On March 19, The Cauldron reached out to the office again for different public records. The office administrator  told The Cauldron that public records requests must be made by emailing This time, even after explaining, the university’s public records policy and Ohio’s public records laws, she would not take the request, requiring an email.

The Cauldron emailed the requests, along with an explanation of the situation. Shortly after, the office administrator left a voicemail, correcting the situation and allowing for a request to be made over the phone.

Since the most recent article about the issue, The Cauldron has not been denied the ability to make public records requests by phone.

Although the university has corrected the mistake so far, the situation is still one in question. Correcting your mistakes, while honorable and respectable, does not make up for the inaccuracy, especially when it comes to something as serious as the law. It is concerning that not even executive members from the Office of General Counsel are aware of both Ohio law and the university’s public records policy.

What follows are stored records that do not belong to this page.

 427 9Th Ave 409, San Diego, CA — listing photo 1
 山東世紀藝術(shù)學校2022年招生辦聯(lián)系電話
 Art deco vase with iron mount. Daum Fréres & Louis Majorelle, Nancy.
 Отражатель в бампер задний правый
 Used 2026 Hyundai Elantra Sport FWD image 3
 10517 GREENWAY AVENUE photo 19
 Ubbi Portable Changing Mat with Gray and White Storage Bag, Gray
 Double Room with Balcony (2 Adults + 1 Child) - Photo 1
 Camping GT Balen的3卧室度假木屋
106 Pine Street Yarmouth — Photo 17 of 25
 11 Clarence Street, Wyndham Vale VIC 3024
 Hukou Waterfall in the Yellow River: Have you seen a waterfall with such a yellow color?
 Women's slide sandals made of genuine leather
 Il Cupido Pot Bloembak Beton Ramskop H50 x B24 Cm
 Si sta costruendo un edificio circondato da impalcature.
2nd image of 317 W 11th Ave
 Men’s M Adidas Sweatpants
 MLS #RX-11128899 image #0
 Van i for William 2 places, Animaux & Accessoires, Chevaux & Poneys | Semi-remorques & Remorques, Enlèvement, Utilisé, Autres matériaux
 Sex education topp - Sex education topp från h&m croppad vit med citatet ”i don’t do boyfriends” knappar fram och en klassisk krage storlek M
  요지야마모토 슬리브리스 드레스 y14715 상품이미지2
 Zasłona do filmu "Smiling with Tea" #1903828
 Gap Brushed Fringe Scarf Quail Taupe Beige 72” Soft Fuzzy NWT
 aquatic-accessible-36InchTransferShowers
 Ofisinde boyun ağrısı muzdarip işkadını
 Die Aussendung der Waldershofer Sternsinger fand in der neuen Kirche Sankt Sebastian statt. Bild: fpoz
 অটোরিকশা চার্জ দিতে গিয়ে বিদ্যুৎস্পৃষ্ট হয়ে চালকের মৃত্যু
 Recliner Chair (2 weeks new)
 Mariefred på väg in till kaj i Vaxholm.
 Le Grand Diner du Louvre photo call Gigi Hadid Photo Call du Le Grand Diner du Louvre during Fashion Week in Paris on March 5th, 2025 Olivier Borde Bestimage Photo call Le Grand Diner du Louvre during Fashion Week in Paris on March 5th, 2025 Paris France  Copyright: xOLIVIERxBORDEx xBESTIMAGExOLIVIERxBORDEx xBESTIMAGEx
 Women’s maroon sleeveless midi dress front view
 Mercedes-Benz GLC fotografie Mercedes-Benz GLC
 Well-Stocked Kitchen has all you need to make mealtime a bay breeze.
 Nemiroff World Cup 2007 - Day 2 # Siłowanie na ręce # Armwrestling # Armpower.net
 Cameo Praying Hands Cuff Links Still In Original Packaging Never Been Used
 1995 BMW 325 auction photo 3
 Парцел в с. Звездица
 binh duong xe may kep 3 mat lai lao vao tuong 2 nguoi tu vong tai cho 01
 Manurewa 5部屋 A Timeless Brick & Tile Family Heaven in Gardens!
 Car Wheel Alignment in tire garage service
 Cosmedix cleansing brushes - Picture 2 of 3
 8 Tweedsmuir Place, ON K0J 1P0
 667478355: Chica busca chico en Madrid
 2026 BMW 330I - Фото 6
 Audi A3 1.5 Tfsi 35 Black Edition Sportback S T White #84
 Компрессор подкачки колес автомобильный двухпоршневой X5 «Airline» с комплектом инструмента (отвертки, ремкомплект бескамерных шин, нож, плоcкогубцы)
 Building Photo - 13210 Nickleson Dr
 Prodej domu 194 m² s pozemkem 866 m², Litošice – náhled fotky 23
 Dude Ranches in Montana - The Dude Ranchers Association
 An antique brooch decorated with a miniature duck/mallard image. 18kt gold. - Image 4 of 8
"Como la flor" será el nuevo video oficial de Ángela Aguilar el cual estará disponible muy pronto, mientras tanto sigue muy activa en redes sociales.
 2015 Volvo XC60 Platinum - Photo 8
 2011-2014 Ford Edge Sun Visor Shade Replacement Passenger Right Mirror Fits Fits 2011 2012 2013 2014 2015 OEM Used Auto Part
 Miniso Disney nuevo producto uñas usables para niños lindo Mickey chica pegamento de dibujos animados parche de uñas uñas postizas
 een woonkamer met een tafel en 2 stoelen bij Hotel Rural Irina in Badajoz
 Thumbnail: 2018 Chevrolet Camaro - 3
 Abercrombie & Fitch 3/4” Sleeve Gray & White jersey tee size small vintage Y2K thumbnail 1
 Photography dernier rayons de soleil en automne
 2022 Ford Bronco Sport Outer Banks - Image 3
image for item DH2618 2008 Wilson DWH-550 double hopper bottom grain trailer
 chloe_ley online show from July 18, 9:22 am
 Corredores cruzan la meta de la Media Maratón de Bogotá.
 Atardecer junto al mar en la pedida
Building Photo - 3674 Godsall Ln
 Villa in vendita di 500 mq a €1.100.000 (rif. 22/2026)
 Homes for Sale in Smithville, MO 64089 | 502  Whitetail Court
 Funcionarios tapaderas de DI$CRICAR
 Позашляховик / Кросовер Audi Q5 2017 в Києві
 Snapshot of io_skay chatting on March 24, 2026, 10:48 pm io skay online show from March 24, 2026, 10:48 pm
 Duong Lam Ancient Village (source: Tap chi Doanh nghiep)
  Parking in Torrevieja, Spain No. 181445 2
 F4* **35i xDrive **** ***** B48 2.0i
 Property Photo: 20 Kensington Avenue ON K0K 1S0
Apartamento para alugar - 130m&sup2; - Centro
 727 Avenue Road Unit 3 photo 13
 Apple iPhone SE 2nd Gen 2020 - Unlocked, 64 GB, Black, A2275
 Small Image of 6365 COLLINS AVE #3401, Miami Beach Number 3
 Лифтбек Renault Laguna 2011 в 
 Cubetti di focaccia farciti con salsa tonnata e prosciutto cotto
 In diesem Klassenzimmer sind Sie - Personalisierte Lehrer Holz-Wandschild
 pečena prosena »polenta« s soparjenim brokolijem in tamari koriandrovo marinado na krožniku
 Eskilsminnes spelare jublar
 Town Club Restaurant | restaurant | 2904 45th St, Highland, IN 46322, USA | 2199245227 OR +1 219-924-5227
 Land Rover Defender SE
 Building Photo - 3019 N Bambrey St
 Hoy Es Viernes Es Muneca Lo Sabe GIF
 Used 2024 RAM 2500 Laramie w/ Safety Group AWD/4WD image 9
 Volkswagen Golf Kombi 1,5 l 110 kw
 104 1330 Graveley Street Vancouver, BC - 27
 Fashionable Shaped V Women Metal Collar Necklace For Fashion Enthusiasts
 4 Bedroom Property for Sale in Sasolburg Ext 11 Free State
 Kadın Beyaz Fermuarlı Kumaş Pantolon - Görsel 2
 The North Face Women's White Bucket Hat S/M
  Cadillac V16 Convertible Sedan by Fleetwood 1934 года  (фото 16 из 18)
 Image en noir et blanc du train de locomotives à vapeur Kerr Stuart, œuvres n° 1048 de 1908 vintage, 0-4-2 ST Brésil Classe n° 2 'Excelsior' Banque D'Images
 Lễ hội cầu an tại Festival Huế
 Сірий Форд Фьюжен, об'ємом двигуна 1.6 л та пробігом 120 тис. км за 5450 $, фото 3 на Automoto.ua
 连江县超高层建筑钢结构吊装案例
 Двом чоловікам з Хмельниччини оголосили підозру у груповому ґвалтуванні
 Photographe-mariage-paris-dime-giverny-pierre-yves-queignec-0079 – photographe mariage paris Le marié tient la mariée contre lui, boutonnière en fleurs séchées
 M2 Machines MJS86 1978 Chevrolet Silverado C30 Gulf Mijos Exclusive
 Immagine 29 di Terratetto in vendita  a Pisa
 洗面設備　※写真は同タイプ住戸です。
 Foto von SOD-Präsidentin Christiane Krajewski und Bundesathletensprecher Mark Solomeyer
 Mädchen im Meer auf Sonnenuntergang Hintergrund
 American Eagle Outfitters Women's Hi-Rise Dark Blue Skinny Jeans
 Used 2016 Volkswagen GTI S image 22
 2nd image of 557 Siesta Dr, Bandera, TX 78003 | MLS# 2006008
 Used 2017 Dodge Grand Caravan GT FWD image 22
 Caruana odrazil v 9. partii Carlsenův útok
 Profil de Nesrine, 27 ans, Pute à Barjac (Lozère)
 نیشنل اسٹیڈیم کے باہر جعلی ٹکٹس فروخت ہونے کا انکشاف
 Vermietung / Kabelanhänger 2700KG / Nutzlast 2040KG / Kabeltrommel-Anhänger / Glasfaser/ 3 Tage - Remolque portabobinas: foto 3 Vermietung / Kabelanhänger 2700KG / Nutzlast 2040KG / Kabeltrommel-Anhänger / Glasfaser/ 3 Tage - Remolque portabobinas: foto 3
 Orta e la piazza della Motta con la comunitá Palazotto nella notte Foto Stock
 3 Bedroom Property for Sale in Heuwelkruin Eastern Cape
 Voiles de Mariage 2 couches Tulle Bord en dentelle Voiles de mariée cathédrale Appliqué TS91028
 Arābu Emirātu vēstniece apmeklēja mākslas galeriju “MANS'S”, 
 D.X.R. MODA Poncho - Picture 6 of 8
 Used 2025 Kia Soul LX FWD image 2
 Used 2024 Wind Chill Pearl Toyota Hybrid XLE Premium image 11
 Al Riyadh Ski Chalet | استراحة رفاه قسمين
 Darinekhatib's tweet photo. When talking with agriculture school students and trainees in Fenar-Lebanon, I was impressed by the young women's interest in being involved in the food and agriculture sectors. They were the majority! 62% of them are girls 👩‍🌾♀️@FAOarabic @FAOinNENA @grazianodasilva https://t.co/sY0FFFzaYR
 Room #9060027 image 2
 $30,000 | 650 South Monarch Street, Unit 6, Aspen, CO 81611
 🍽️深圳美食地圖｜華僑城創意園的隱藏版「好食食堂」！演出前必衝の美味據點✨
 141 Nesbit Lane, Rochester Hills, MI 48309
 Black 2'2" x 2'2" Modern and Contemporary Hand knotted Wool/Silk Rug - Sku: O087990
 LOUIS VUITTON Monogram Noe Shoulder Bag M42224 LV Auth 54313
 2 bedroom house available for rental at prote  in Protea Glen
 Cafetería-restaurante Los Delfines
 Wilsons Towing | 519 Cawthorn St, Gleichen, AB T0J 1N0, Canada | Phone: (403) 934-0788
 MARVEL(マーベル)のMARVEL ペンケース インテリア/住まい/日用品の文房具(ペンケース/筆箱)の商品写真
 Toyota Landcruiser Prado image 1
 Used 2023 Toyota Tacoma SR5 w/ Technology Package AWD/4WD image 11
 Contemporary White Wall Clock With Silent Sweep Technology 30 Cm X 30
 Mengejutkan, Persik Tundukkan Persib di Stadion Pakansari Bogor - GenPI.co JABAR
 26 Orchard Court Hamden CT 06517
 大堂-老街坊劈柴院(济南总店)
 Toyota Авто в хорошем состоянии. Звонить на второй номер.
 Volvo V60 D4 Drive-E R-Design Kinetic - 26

Finally, the latest issue covered is the General Fee Advisory Committee (GFAC) holding executive session meetings out of concordance with Ohio’s freedom of information laws. Because GFAC is a public body at a public institution, Ohio’s freedom of information laws require their meetings to be open to the public, unless “the subject is specifically exempted by the law.”

But, in the March 1, 2019 GFAC meeting minutes, it was outlined that the committee voted to go into executive session to discuss budgets for the 2019-2020 academic year. The notes gave no other indication of why a  two-hour executive session was called, which is not an allowed open meetings exemption.

Think about it. The university is going behind closed doors to talk about issues that nobody knows about. What reason does GFAC have to discuss  budgeting in private, away from the public?

At this point it seems as though when one inconsistency with the law is found, more and more pop add up.

My question as a student here at Cleveland State is, how long? How long until Cleveland State owns up to their own mistakes and stops waiting for student media and other officials to point them out? Where do they draw the line?